[Stored data]
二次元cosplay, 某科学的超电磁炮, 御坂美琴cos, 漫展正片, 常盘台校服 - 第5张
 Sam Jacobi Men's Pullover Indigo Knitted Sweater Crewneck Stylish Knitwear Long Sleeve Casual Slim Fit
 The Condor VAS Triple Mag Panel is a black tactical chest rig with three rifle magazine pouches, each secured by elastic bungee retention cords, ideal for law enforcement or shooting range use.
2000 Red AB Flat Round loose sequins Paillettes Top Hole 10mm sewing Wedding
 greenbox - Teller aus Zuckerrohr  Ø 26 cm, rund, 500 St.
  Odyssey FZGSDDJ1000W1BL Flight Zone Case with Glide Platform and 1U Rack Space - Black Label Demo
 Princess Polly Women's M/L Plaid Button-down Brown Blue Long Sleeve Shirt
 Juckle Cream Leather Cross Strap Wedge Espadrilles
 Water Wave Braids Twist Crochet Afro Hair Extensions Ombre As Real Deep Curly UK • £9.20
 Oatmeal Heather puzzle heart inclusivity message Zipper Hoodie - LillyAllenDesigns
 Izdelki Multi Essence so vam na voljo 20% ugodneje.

▶ **WORK TASK**: An exact reproduction of all the entries above is required.

▶ **TASK SOLUTION**:
二次元cosplay, 某科学的超电磁炮, 御坂美琴cos, 漫展正片, 常盘台校服 - 第5张
 Sam Jacobi Men's Pullover Indigo Knitted Sweater Crewneck Stylish Knitwear Long Sleeve Casual Slim Fit
 The Condor VAS Triple Mag Panel is a black tactical chest rig with three rifle magazine pouches, each secured by elastic bungee retention cords, ideal for law enforcement or shooting range use.
2000 Red AB Flat Round loose sequins Paillettes Top Hole 10mm sewing Wedding
 greenbox - Teller aus Zuckerrohr  Ø 26 cm, rund, 500 St.
  Odyssey FZGSDDJ1000W1BL Flight Zone Case with Glide Platform and 1U Rack Space - Black Label Demo
 Princess Polly Women's M/L Plaid Button-down Brown Blue Long Sleeve Shirt
 Juckle Cream Leather Cross Strap Wedge Espadrilles
 Water Wave Braids Twist Crochet Afro Hair Extensions Ombre As Real Deep Curly UK • £9.20
 Oatmeal Heather puzzle heart inclusivity message Zipper Hoodie - LillyAllenDesigns
 Izdelki Multi Essence so vam na voljo 20% ugodneje.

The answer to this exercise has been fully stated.